Print every entry, word for word, and skip the images.
*** Opening PROVIDED INFORMATION ***
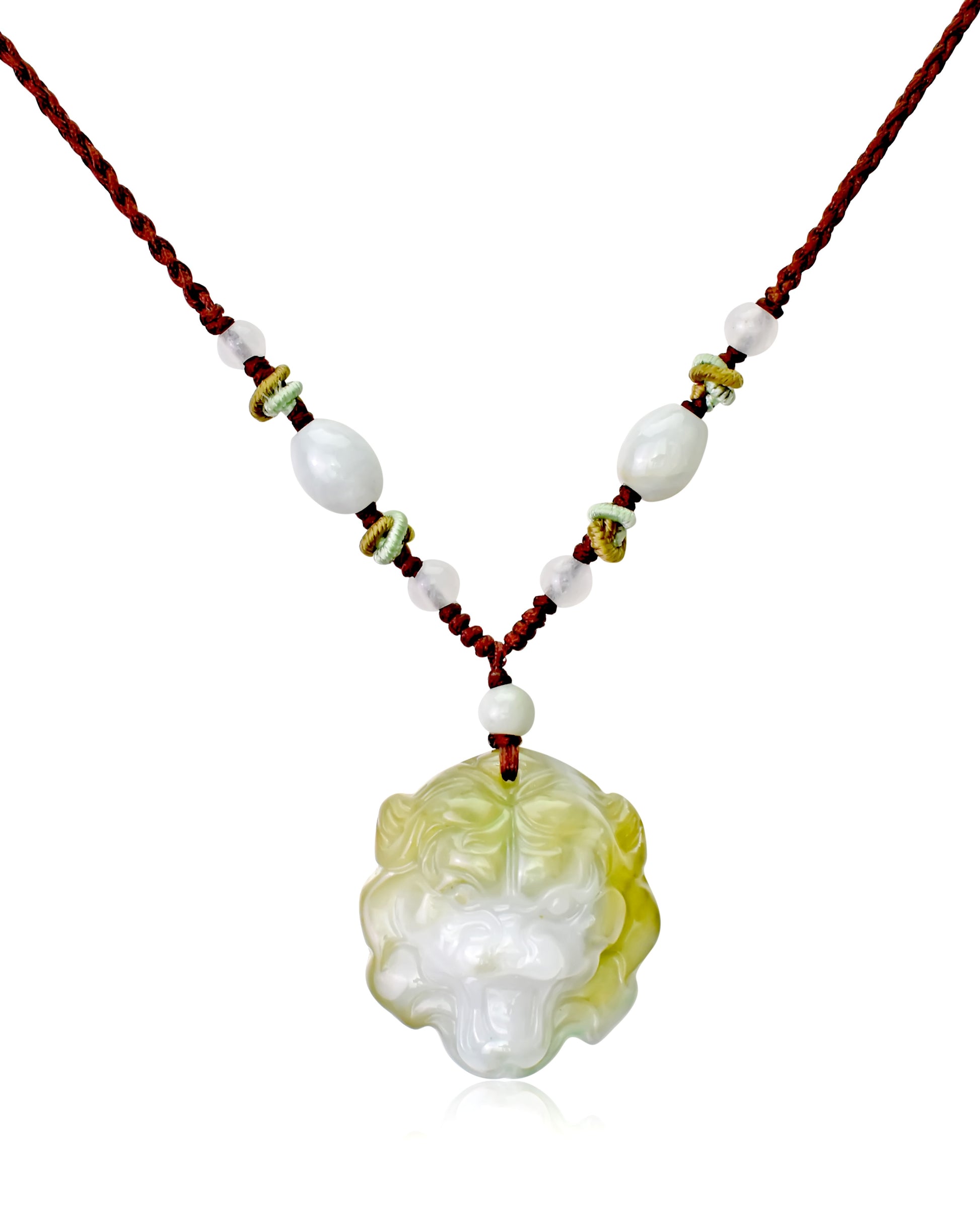 Make a Bold Statement with a Tiger Face Jade Necklace made with Brown Cord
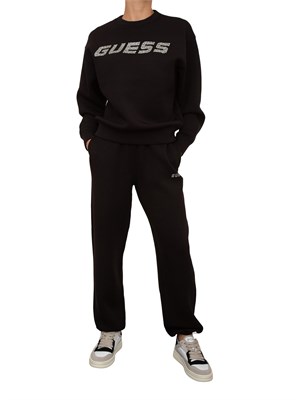 Felpa nera donna Guess Jeans con logo lettering con strass in DONNA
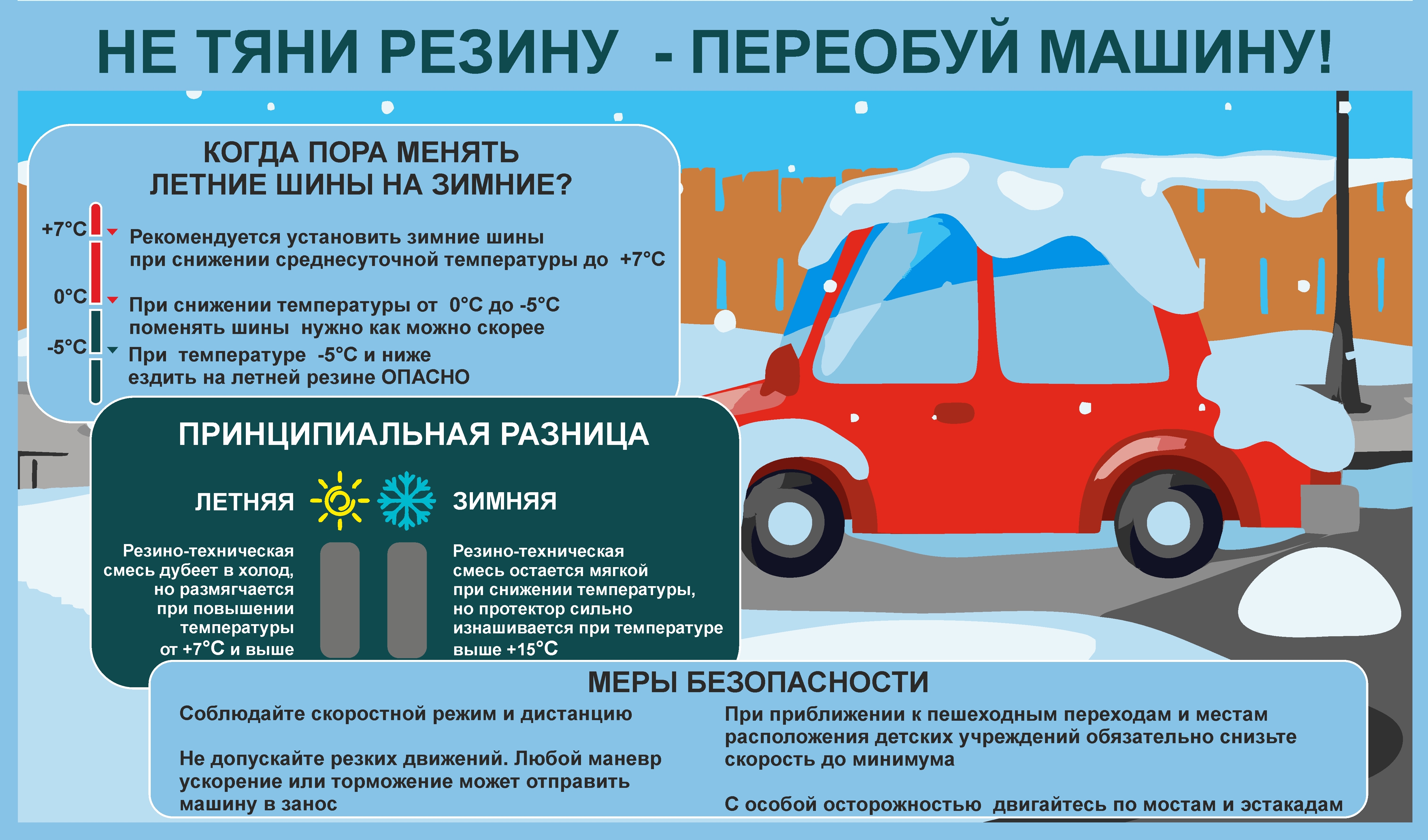 Напоминаем о необходимости переобувки личного автотранспорта на зимние шины  - Новости - ФГКУ «Центр по проведению спасательных операций особого риска  «Лидер»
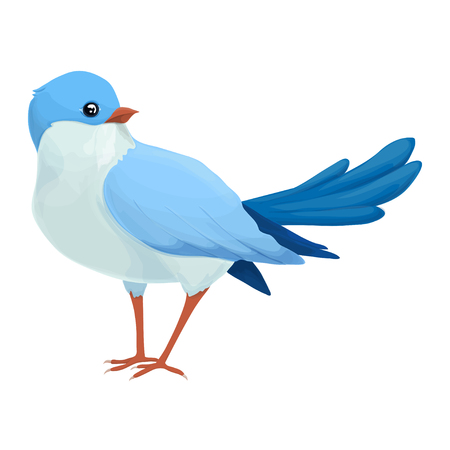 Realistic blue bird looks away. Imaginary view.のイラスト素材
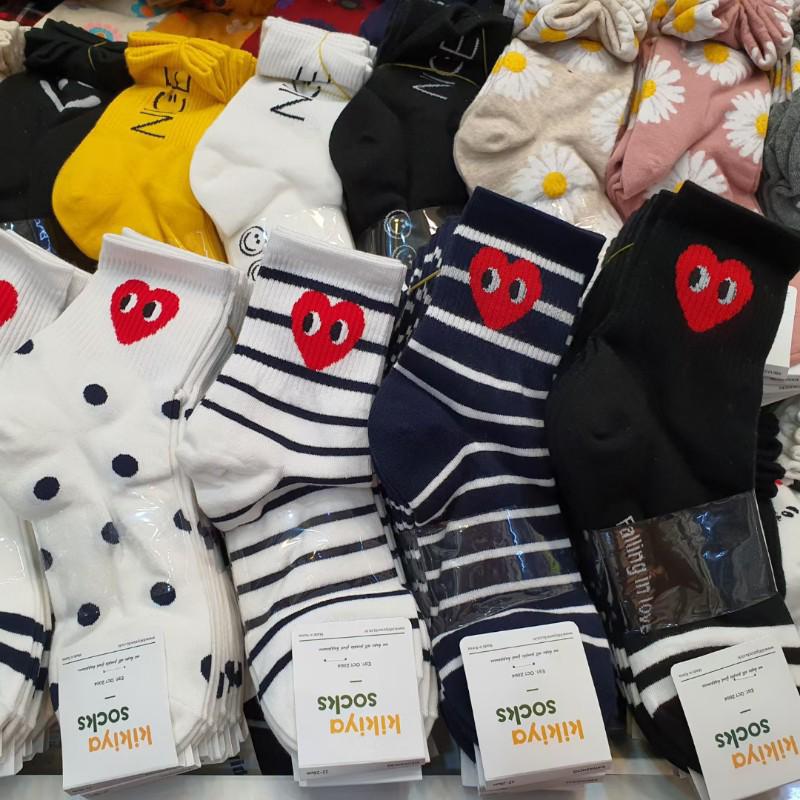 Japanese & Korean Style Heart and Polka Dot Mid-Calf Socks for Women - White, Stripe Design, Year-Round Wear White Stripes
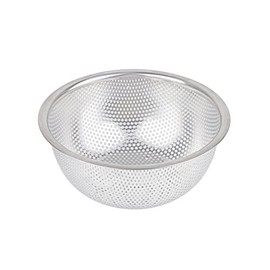 DELISH KITCHEN HB-4232 Pearl Metal Strainer Silver 7.1 inches (18 cm) Stainless Steel Punch Ball with Feet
*** Closing PROVIDED INFORMATION ***
TASK RESULT:
 Make a Bold Statement with a Tiger Face Jade Necklace made with Brown Cord
 Felpa nera donna Guess Jeans con logo lettering con strass in DONNA
 Напоминаем о необходимости переобувки личного автотранспорта на зимние шины  - Новости - ФГКУ «Центр по проведению спасательных операций особого риска  «Лидер»
 Realistic blue bird looks away. Imaginary view.のイラスト素材
 Japanese & Korean Style Heart and Polka Dot Mid-Calf Socks for Women - White, Stripe Design, Year-Round Wear White Stripes
 DELISH KITCHEN HB-4232 Pearl Metal Strainer Silver 7.1 inches (18 cm) Stainless Steel Punch Ball with Feet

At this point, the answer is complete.